What is needed:
Repeat the lines from the line with "Vintage Vintage 70s" to the line with "Office Space for" in the listing below, keeping both end lines and adding nothing.

Exercise inputs:
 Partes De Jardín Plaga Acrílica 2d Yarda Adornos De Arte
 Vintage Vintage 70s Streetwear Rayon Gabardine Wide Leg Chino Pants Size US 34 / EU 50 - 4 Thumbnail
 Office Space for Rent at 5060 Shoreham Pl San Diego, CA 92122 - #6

==

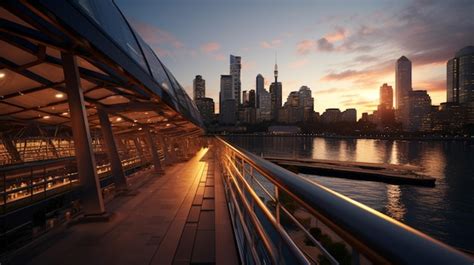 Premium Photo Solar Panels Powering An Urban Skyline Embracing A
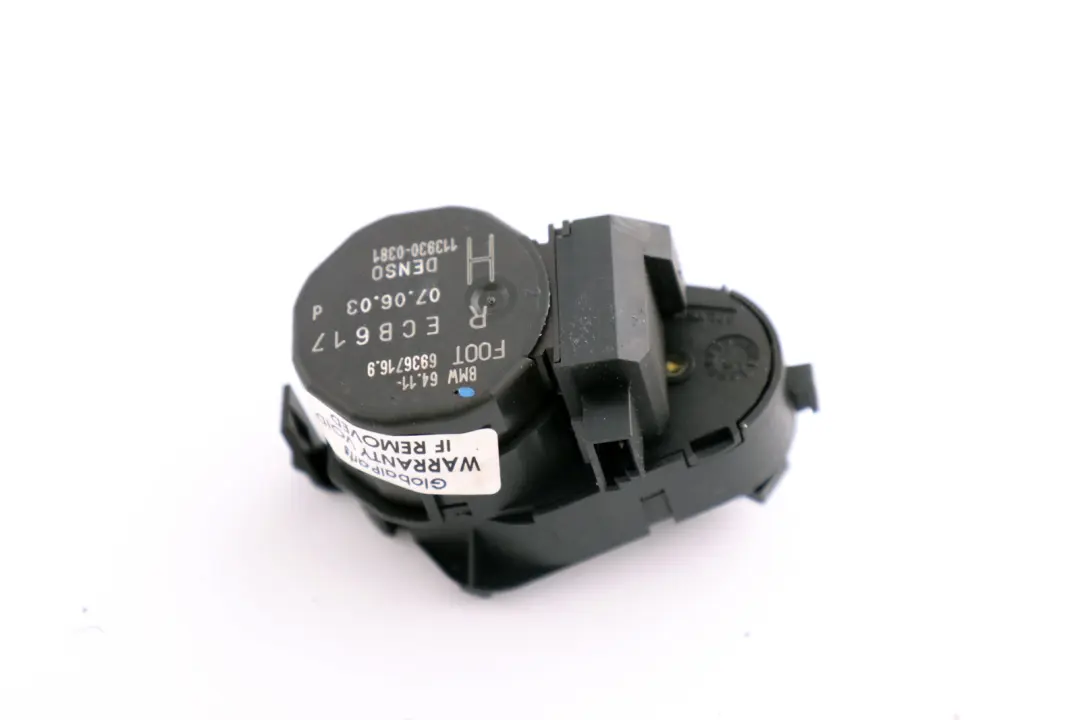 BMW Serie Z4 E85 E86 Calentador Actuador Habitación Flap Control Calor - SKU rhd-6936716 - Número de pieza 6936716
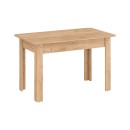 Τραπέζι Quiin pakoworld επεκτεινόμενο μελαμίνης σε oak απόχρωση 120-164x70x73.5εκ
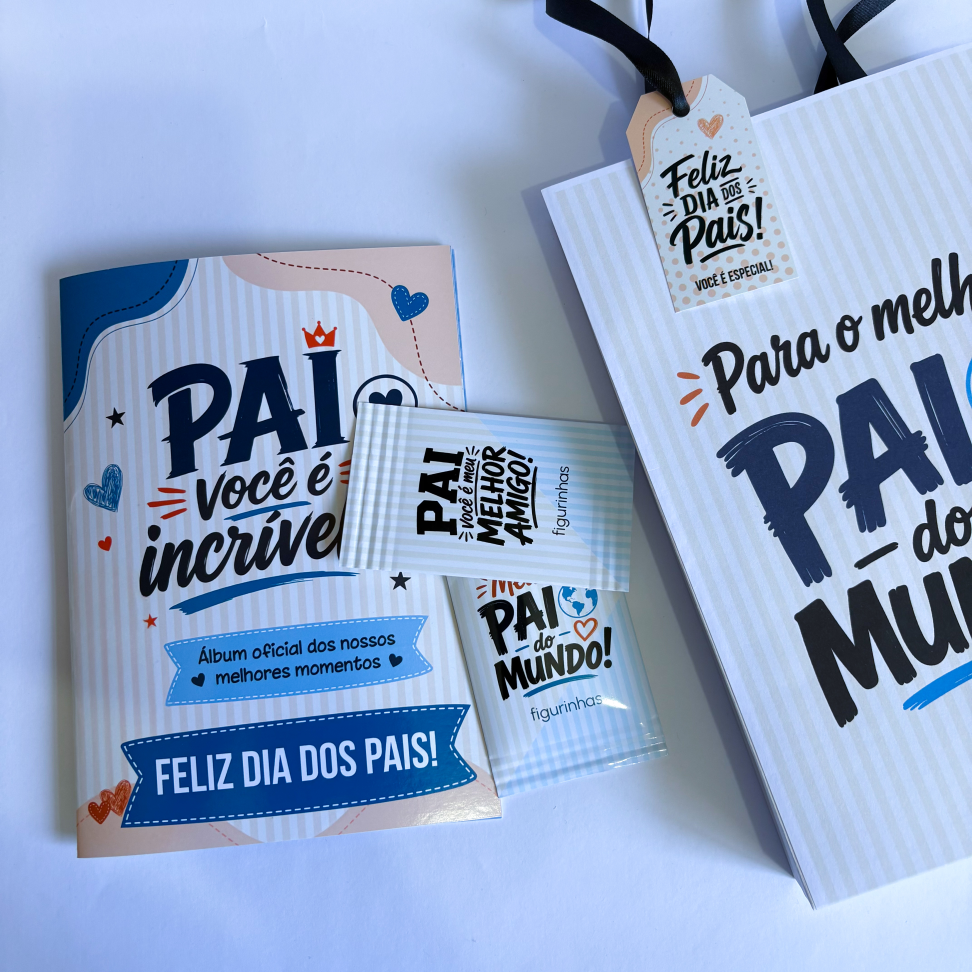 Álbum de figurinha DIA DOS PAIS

Answer:
 Vintage Vintage 70s Streetwear Rayon Gabardine Wide Leg Chino Pants Size US 34 / EU 50 - 4 Thumbnail
 Office Space for Rent at 5060 Shoreham Pl San Diego, CA 92122 - #6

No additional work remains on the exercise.